At least one district court, faced with a strikingly similar motion for default judgment where information regarding damages under a Wage Withholding order was unknown, entered a default judgment in the full amount of the student loan pursuant to Federal Rules 55(b)(2) and 37(b)(2)(A)(vi). See Tex. Guaranteed Student Loan Corp. v. Gentle Touch Chiropractic Clinic, LLC, No. 07-cv-1182, 2009 WL 2588757, at *2 (D.Colo. Aug. 19, 2009). The Court finds this approach is warranted here.

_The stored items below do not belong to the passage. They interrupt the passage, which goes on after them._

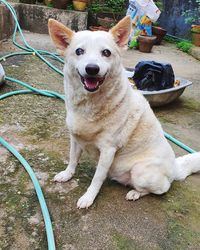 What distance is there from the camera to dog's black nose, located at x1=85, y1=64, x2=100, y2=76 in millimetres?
1999

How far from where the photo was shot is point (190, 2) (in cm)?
956

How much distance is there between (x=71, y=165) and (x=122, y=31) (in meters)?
1.16

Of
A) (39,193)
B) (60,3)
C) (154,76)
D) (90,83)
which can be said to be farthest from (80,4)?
(39,193)

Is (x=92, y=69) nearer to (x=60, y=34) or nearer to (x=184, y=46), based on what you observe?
(x=60, y=34)

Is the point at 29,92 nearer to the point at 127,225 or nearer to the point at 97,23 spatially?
the point at 127,225

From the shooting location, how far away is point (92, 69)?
2.01 meters

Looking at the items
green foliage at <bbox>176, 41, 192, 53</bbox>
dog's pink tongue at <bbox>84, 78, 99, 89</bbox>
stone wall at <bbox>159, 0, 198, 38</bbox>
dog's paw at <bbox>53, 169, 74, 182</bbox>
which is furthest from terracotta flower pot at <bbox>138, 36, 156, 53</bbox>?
dog's pink tongue at <bbox>84, 78, 99, 89</bbox>

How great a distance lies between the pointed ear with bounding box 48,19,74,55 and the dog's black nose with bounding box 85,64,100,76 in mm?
368

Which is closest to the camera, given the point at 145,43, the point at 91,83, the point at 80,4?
the point at 91,83

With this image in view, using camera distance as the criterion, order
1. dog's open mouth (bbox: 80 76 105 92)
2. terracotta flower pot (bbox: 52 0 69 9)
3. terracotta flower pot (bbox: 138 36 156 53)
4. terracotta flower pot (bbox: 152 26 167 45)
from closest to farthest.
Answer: dog's open mouth (bbox: 80 76 105 92) → terracotta flower pot (bbox: 138 36 156 53) → terracotta flower pot (bbox: 52 0 69 9) → terracotta flower pot (bbox: 152 26 167 45)

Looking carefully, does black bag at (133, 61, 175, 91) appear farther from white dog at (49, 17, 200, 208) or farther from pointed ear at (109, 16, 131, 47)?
pointed ear at (109, 16, 131, 47)

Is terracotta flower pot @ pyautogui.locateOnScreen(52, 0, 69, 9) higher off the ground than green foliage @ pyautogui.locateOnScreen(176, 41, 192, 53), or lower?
higher

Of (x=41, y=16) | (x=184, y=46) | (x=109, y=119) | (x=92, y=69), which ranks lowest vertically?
(x=184, y=46)

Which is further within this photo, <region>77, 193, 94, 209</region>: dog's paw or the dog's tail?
the dog's tail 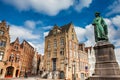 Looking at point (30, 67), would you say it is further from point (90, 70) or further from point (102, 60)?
point (102, 60)

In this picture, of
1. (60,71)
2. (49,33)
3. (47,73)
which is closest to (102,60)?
(60,71)

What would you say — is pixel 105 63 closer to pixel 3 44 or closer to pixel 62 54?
pixel 62 54

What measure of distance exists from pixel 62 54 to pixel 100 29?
23.9 metres

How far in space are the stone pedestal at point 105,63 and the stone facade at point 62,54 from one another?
873 inches

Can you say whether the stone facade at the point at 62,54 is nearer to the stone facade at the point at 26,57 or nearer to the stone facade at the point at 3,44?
the stone facade at the point at 26,57

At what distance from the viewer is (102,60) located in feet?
30.3

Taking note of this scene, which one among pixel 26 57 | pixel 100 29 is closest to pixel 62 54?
pixel 26 57

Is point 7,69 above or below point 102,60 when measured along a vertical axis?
below

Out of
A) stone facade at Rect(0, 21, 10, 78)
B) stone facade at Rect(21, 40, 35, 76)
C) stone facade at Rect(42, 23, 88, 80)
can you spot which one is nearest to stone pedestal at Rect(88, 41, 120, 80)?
stone facade at Rect(42, 23, 88, 80)

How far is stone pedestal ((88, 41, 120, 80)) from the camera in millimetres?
8422

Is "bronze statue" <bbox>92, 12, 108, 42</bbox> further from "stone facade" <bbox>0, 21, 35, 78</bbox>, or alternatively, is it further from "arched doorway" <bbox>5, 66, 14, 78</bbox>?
"arched doorway" <bbox>5, 66, 14, 78</bbox>

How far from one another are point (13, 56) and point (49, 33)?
13756 mm

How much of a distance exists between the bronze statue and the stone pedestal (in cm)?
66

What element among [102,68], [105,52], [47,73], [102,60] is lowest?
[47,73] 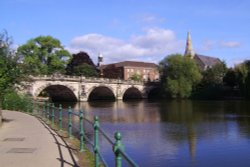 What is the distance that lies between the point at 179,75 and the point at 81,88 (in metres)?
18.6

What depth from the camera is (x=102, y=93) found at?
3474 inches

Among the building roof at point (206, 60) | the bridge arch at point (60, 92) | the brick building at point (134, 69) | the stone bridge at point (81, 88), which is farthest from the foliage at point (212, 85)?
the building roof at point (206, 60)

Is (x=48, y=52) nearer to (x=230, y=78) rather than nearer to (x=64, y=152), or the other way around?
(x=230, y=78)

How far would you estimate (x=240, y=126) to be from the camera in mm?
26844

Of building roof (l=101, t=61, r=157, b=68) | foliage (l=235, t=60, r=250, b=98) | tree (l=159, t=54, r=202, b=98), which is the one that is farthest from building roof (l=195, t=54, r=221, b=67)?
foliage (l=235, t=60, r=250, b=98)

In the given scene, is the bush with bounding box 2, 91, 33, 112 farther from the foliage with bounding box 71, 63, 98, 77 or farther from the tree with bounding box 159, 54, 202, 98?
the foliage with bounding box 71, 63, 98, 77

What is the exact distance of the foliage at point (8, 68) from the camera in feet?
56.0

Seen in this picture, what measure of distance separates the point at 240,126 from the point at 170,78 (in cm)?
5143

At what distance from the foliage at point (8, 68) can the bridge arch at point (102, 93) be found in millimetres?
61270

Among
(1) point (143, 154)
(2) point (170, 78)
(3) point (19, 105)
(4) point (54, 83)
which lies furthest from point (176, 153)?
(2) point (170, 78)

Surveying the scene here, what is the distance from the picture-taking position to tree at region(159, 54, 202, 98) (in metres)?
77.2

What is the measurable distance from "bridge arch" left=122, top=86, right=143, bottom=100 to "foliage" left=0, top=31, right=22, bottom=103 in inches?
2676

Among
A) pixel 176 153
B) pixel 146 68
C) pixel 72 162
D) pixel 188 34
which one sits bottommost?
pixel 176 153

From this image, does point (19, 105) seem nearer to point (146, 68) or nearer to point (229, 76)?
point (229, 76) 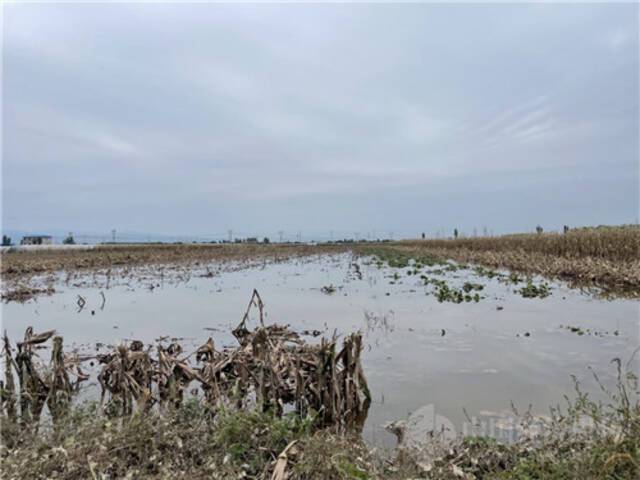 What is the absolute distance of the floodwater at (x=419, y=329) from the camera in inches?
164

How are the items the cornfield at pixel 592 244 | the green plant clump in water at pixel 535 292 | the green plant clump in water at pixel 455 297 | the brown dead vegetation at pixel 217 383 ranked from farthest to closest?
the cornfield at pixel 592 244
the green plant clump in water at pixel 535 292
the green plant clump in water at pixel 455 297
the brown dead vegetation at pixel 217 383

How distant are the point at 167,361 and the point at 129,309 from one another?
6314mm

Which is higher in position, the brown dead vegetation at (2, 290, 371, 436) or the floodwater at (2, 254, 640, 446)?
the brown dead vegetation at (2, 290, 371, 436)

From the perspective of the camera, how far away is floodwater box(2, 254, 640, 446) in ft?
13.7

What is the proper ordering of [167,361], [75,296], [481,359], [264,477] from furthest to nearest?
[75,296]
[481,359]
[167,361]
[264,477]

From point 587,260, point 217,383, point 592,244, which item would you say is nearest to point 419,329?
point 217,383

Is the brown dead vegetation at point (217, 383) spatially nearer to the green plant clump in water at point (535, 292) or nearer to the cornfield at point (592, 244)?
the green plant clump in water at point (535, 292)

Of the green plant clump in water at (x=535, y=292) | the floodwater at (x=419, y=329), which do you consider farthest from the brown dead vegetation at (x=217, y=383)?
the green plant clump in water at (x=535, y=292)

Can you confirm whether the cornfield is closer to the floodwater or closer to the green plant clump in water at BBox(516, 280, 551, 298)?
the floodwater

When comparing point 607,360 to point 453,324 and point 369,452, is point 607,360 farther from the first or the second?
point 369,452

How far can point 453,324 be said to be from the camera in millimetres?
7316

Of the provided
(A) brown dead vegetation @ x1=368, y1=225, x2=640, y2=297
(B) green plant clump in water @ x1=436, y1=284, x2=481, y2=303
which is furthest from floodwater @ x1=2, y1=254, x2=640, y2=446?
(A) brown dead vegetation @ x1=368, y1=225, x2=640, y2=297

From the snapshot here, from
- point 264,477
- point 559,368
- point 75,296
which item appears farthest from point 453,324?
point 75,296

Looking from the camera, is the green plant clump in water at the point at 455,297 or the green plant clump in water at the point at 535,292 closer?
the green plant clump in water at the point at 455,297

Dhindsa, 2011 WL 320423, at *6.

Here, the employer has not been put on notice that it might be responsible for the full amount of the defaulted loan. As noted previously, the complaint seeks actual damages in the amount of fifteen percent of the borrower’s disposable pay, and the amount that may be awarded by a default judgment is circumscribed by the amount requested in the complaint. See In re Genesys Data Technologies, Inc., 204 F.3d at 132.2 More*376over, ECMC has not requested discovery to determine the amount of actual damages, as did the plaintiffs in Gentle Touch and Dhind-sa; thus, Rule 37(b) provides no basis for an award of the entire loan amount. While ECMC’s alternative request for an award of fifteen percent of the federally-mandated minimum wage is creative, the record does not support that the borrower works for Defendant on a full-time basis, as this approach would assume. Thus, in addition to a deficiency of proof as to liability, the current record provides no basis for determining the amount of damages. See United Student Aid Funds, Inc. v. Ramon’s Precision Service, Inc., No. Civ.A. SA05CA0717XR, 2005 WL 3447738, at *3 (W.D.Tex. Dec. 12, 2005) (“Because Plaintiff has produced no evidence establishing [the borrower’s] disposable pay during the relevant time period or the amount of pay Defendant failed to withhold, default judgment is not proper at this time.”).3 Accordingly, the motion for default judgment will be denied without prejudice to renewal.

IV. Conclusion

For the foregoing reasons, the motion for default judgment filed by Plaintiff ECMC will be denied without prejudice to renewal. A separate order will follow.

. Pursuant to 20 U.S.C. § 1095a(e), “disposable pay” is defined as "that part of the compensation of any individual from an employer remaining after the deduction of any amounts required by law to be withheld.”

. ECMC also suggests that the entire loan amount may be awarded as punitive damages. *376pursuant to 20 U.S.C. § 1095a(a)(6). Punitive damages, however, "should only be awarded if the defendant’s culpability, after having paid compensatory damages, is so reprehensible as to warrant the imposition of further sanctions to achieve punishment or deterrence.” Educational Credit Mgmt. Corp. v. Central Equipment Co., 477 F.Supp.2d 788, 796 (E.D.Ky.2007) (quoting State Farm Mutual Auto. Ins. Co. v. Campbell, 538 U.S. 408, 419, 123 S.Ct. 1513, 155 L.Ed.2d 585 (2003)). Plaintiff has made no such showing here.

. ECMC has additionally provided no basis for an award of attorneys’ fees or costs. Indeed, counsel asserts in her affidavit that Plaintiff "will submit a supplemental affidavit detailing these fees and costs at the default judgment hearing or at the request of the Court.” (ECF No. 7-3 ¶ 4). The court will consider ECMC’s request in this regard upon submission of a properly supported fee petition and bill of costs.